Moreover, standing on the White House grounds, he declared that “Obama was not fit to be Commander in Chief.”
He signed into law Louisiana’s Science Education Act, which enables the state’s schools to teach creationism. This, in spite of the fact that Jindal has an honor’s degree in biology.
He believes that hurricanes and tornadoes are caused by sins like homosexuality. At least that is what a brochure circulated at a prayer rally organized by him implies. “We have watched sin escalate to a proportion the nation has never seen before,” the pamphlet says. “We live in the first generation in which … homosexuality has been embraced…While the United States still claims to be a nation ‘under God’ it is obvious that we have greatly strayed from our foundations in Christianity. This year we have seen a dramatic increase in tornadoes that have taken the lives of many … and let us not forget that we are only six years from the tragic events of Hurricane Katrina …”
Hours after the Louisiana legislature killed a bill that would have discriminated against gays and lesbians, Jindal issued an executive order on “Religious Freedom” allowing corporations and organizations to exercise their religious beliefs by effectively giving them an option to deny services to same-sex couples.
In the wake of the South Carolina shootings, he did not speak in favor of getting rid of the confederate flag from official buildings, instead suggesting that the States should make that decision.
His campaign slogan is: “Tanned. Rested. Ready.” Does he really think he is so white that he can actually get tanned?
The video announcing his presidential bid showed him threatening his kids with “not going to Iowa” if they did not support his candidacy. Is he so out of touch with reality that he does not realize only politicians want to go to Iowa?
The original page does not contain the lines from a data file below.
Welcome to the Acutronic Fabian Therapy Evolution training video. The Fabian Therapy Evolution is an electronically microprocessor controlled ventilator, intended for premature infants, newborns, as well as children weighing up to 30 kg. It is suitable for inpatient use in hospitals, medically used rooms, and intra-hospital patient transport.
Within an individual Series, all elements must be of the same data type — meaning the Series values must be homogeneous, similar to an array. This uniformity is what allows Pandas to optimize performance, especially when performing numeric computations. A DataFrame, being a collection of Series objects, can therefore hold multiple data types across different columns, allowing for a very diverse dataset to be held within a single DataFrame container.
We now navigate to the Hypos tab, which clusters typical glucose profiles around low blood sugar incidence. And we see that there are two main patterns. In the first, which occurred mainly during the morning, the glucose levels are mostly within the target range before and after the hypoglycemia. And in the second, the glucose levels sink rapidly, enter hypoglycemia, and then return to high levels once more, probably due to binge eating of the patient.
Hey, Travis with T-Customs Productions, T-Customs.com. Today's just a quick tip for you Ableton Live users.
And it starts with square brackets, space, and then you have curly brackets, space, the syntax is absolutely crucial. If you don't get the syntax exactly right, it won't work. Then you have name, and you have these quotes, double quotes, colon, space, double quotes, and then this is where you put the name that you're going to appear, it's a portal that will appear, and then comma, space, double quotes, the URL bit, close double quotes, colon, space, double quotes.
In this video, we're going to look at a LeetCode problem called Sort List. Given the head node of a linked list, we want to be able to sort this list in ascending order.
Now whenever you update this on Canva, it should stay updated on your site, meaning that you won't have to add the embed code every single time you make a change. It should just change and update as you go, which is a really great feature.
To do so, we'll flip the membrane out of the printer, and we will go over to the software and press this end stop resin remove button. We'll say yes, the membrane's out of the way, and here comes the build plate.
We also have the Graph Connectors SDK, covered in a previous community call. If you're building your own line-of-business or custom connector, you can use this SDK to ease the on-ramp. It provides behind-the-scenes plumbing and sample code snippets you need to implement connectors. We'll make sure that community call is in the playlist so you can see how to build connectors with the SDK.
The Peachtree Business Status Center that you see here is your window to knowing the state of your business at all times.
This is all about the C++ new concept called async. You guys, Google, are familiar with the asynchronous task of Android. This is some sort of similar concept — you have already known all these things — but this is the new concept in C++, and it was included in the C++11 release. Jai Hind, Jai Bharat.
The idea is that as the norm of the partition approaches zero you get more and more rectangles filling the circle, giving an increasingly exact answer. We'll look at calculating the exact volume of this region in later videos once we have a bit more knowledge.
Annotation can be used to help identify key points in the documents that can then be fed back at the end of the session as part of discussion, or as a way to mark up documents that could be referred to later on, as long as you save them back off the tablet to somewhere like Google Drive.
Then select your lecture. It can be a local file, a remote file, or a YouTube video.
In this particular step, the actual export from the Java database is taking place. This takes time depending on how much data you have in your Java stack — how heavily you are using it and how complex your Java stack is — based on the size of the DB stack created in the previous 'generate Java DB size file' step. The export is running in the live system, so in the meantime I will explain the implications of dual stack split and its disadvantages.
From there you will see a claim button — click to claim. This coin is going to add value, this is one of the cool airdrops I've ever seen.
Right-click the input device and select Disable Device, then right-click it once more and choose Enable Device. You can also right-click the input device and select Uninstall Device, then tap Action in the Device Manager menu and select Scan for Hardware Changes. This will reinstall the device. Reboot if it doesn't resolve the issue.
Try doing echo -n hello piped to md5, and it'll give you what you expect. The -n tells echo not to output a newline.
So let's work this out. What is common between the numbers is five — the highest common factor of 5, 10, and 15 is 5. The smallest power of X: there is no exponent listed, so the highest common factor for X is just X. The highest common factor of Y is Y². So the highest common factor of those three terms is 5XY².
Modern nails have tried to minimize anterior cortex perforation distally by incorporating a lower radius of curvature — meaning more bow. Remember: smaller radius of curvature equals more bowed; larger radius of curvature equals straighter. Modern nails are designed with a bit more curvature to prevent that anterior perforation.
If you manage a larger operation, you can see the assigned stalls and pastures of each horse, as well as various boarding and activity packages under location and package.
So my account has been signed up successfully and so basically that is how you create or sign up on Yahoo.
As I write these words, Jindal announced an investigation into Planned Parenthood after a religious, anti-abortion organization accused it of “selling human body parts.”
I wonder if Jindal realizes that no one believes him when he opens his mouth and starts talking in that weird accent. Growing up with Indian parents, how many second generation children speak that way?
It is not Jindal’s rejection of the hyphenated ethnic identity that bothers me. In fact, that is one aspect of his personality that I could easily get behind; I do believe in being a global villager. What bothers me and possibly many other Indian-Americans is that he is not credible. His persona is completely fake. No one believes that he had a religious epiphany and converted to Christianity. People are convinced that he did it for political expediency.
Will the real Bobby Jindal please stand up? Will he quit being a caricature of a politician and start being himself? Will he realize that people are tired of inauthenticity in politics and that they want politicians to be genuine?
In this election season, when Bernie Sanders is drawing large crowds at campaign events simply because he speaks his mind, will Bobby Jindal stop mouthing hackneyed GOP slogans?
Or should we give him a dose of his own medicine and ask him to surrender his diploma from Brown University as well as the money for his Rhodes Scholarship for being too stupid to have deserved either one?